= Beginning of Section =

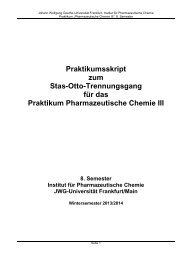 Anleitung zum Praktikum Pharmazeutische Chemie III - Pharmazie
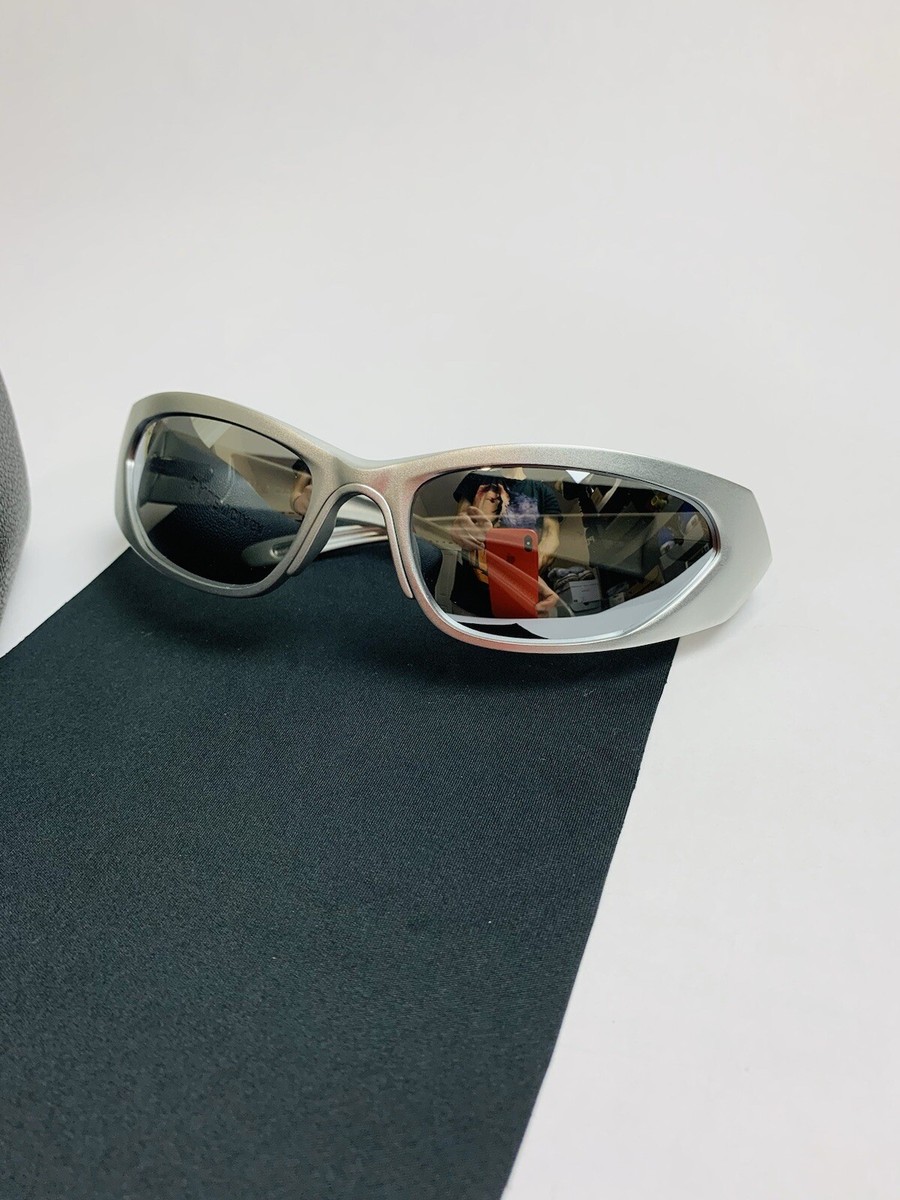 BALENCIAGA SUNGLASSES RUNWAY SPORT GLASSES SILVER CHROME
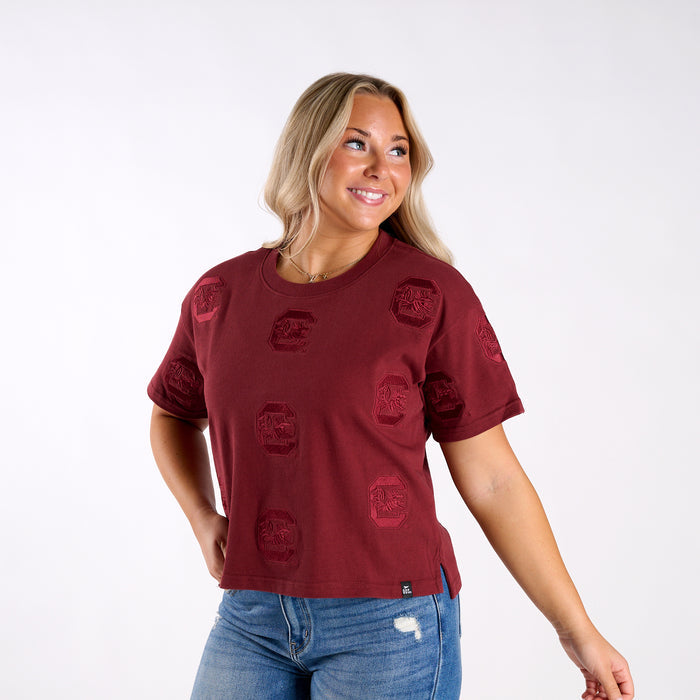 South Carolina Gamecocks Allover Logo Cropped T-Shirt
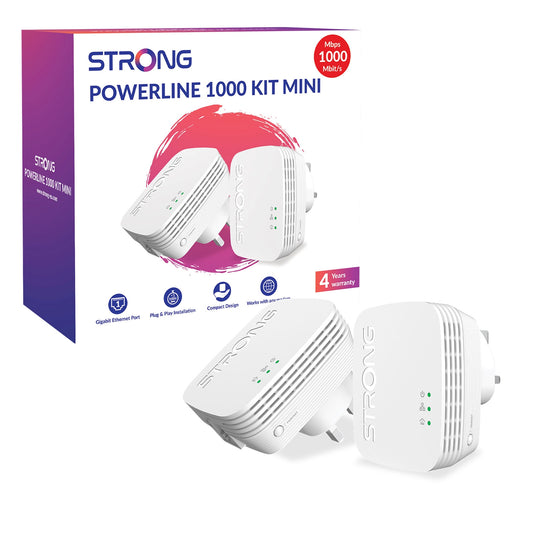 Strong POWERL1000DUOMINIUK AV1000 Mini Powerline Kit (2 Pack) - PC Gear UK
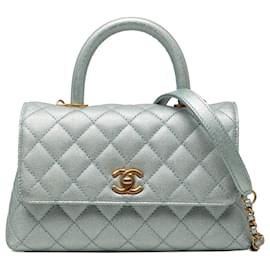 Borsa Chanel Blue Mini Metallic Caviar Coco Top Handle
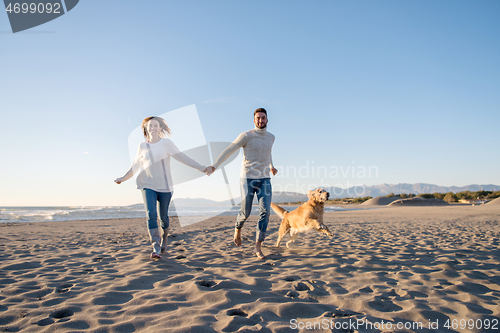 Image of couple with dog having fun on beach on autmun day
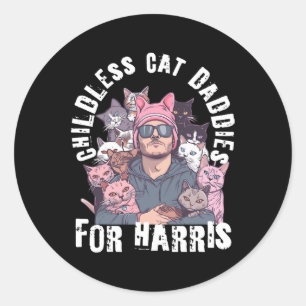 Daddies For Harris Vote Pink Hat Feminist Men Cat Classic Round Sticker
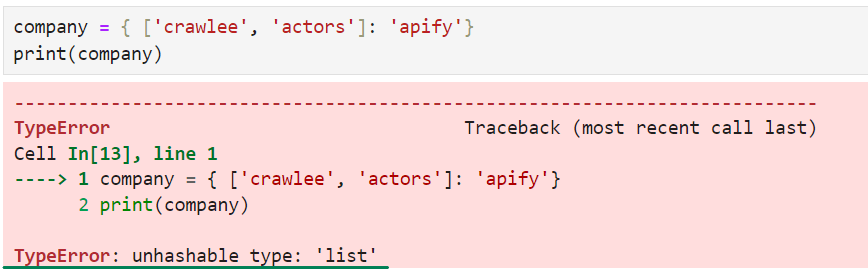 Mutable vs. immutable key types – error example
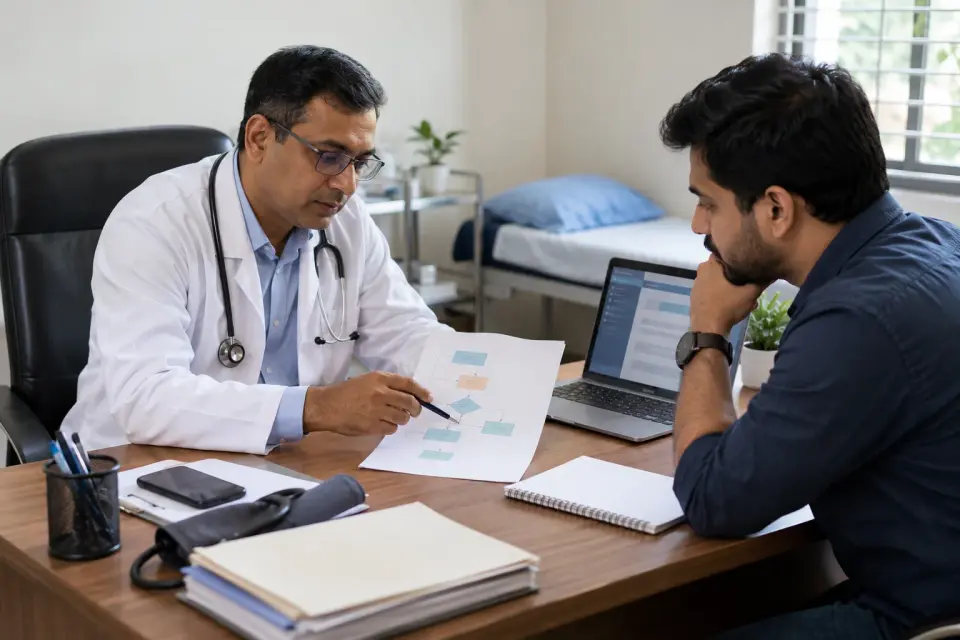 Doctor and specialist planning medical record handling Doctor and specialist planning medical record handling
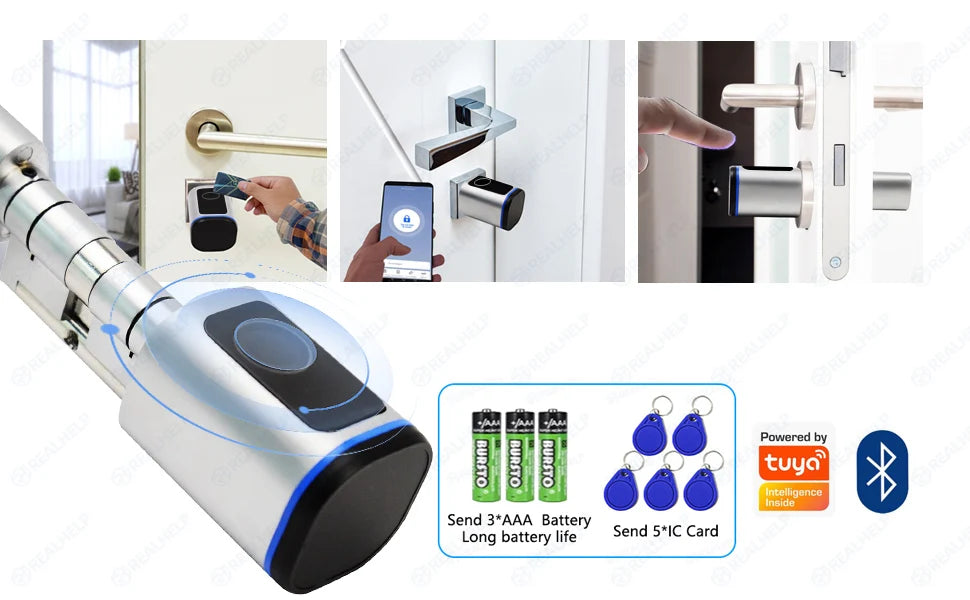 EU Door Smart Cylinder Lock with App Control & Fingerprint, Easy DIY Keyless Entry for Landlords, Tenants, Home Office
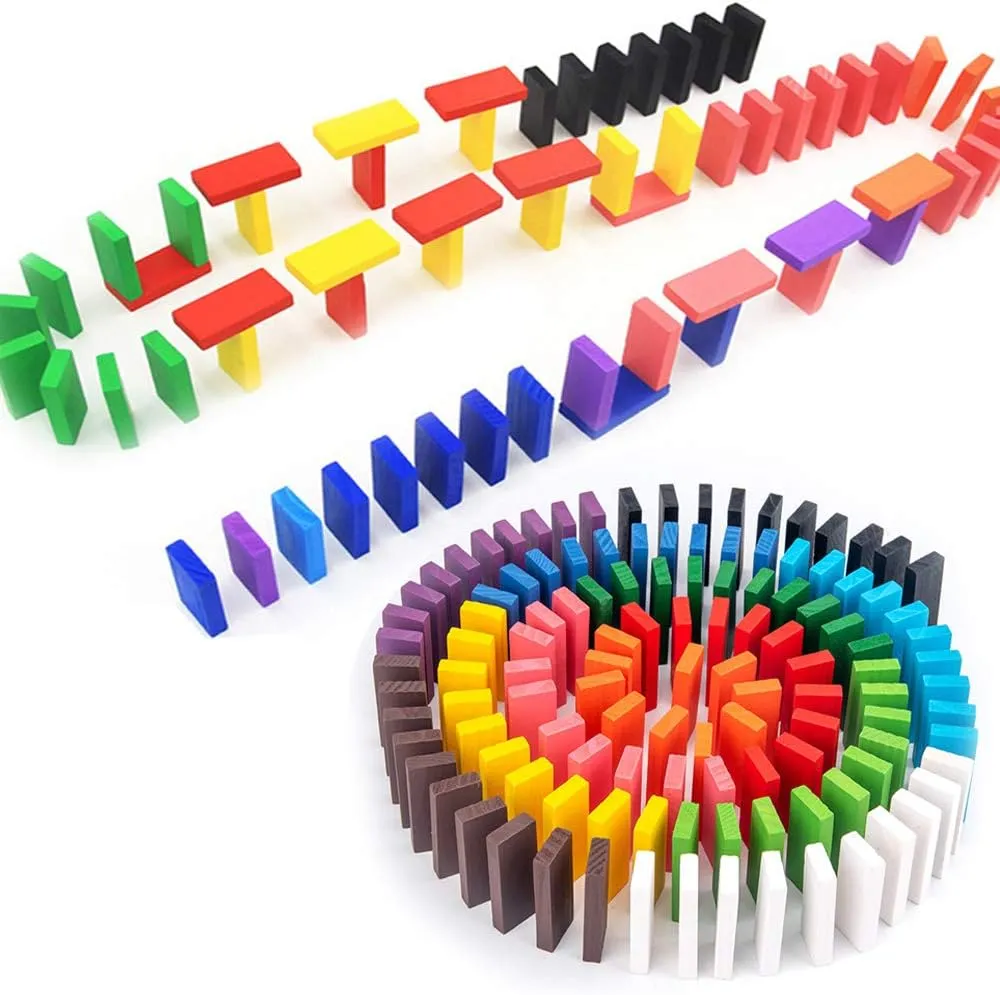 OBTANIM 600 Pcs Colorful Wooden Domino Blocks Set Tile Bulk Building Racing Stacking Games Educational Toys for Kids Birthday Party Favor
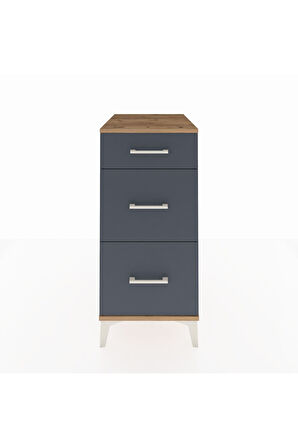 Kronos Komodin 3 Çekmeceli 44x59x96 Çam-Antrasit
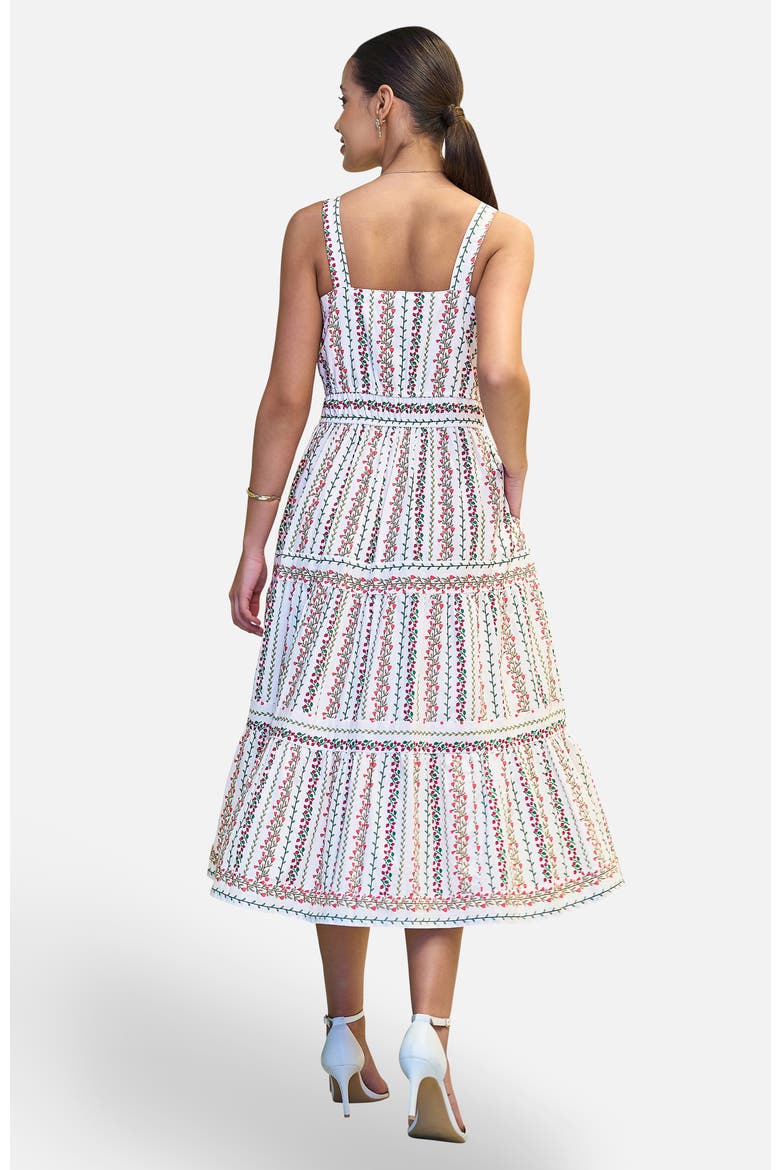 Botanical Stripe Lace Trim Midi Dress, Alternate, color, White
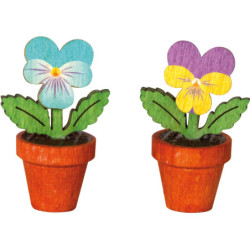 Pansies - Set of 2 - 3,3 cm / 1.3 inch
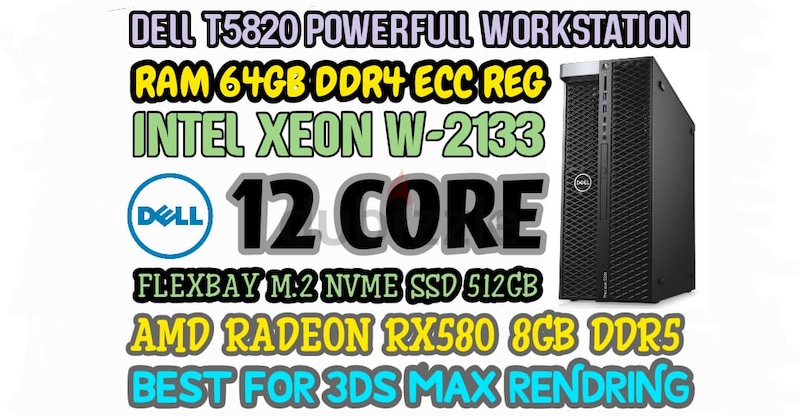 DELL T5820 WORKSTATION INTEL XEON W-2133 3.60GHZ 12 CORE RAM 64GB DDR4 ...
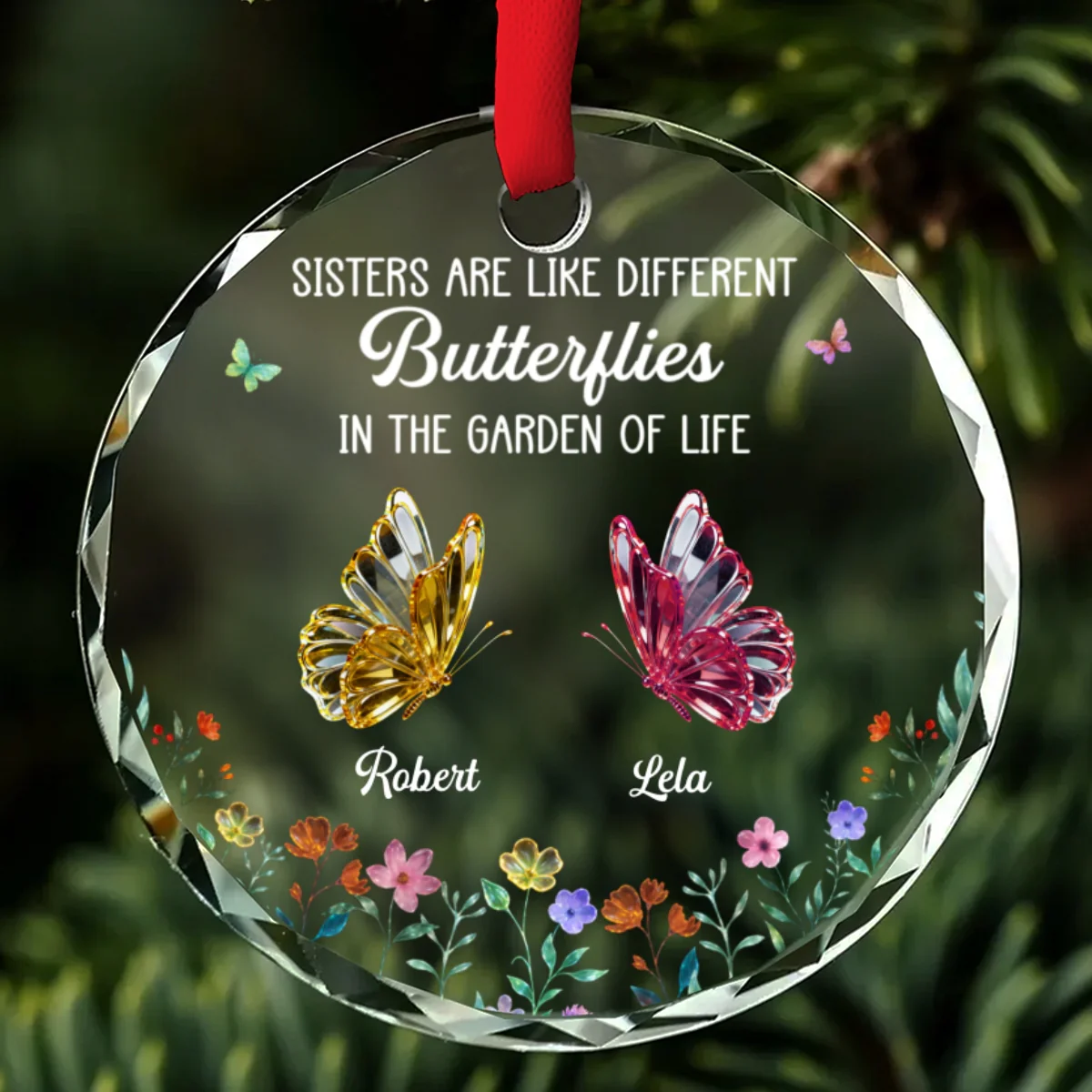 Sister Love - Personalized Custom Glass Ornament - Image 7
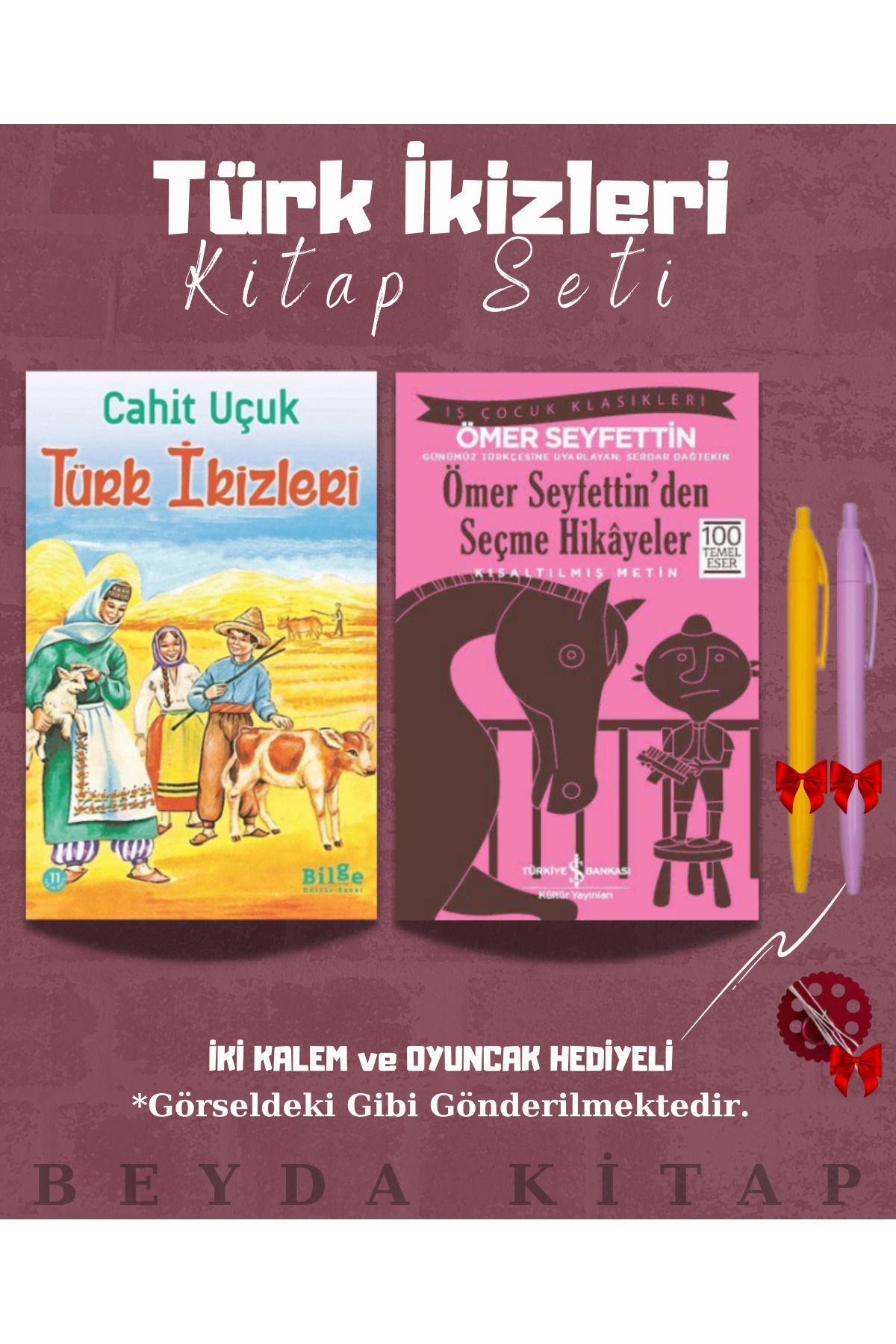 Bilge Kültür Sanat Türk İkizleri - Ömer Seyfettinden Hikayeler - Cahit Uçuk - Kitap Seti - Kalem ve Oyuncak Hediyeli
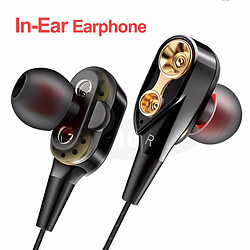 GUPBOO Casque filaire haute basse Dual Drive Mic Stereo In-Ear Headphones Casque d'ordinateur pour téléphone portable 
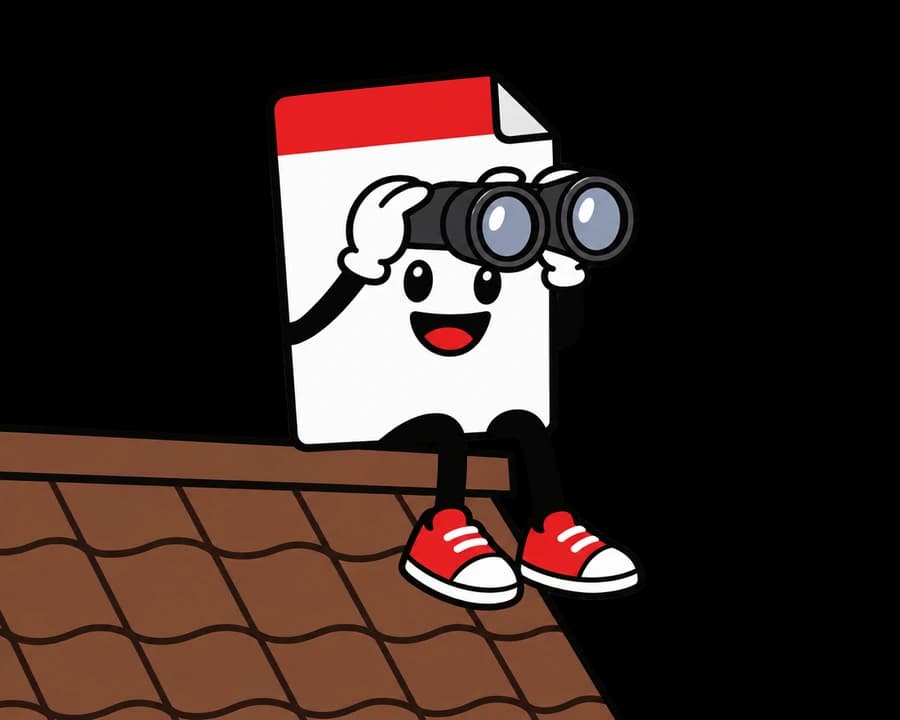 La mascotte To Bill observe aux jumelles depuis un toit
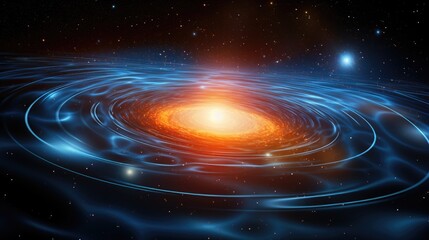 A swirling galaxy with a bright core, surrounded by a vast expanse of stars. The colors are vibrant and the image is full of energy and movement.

= End of Section =

**Assigned task**
What is wanted is a word-for-word restatement of the entries, without their images.

**Result of the exercise**
 Anleitung zum Praktikum Pharmazeutische Chemie III - Pharmazie
 BALENCIAGA SUNGLASSES RUNWAY SPORT GLASSES SILVER CHROME
 South Carolina Gamecocks Allover Logo Cropped T-Shirt
 Strong POWERL1000DUOMINIUK AV1000 Mini Powerline Kit (2 Pack) - PC Gear UK
 Borsa Chanel Blue Mini Metallic Caviar Coco Top Handle
 Image of couple with dog having fun on beach on autmun day
 Daddies For Harris Vote Pink Hat Feminist Men Cat Classic Round Sticker
 Mutable vs. immutable key types – error example
 Doctor and specialist planning medical record handling Doctor and specialist planning medical record handling
 EU Door Smart Cylinder Lock with App Control & Fingerprint, Easy DIY Keyless Entry for Landlords, Tenants, Home Office
 OBTANIM 600 Pcs Colorful Wooden Domino Blocks Set Tile Bulk Building Racing Stacking Games Educational Toys for Kids Birthday Party Favor
 Kronos Komodin 3 Çekmeceli 44x59x96 Çam-Antrasit
 Botanical Stripe Lace Trim Midi Dress, Alternate, color, White
 Pansies - Set of 2 - 3,3 cm / 1.3 inch
 DELL T5820 WORKSTATION INTEL XEON W-2133 3.60GHZ 12 CORE RAM 64GB DDR4 ...
 Sister Love - Personalized Custom Glass Ornament - Image 7
 Bilge Kültür Sanat Türk İkizleri - Ömer Seyfettinden Hikayeler - Cahit Uçuk - Kitap Seti - Kalem ve Oyuncak Hediyeli
 GUPBOO Casque filaire haute basse Dual Drive Mic Stereo In-Ear Headphones Casque d'ordinateur pour téléphone portable 
 La mascotte To Bill observe aux jumelles depuis un toit
 A swirling galaxy with a bright core, surrounded by a vast expanse of stars. The colors are vibrant and the image is full of energy and movement.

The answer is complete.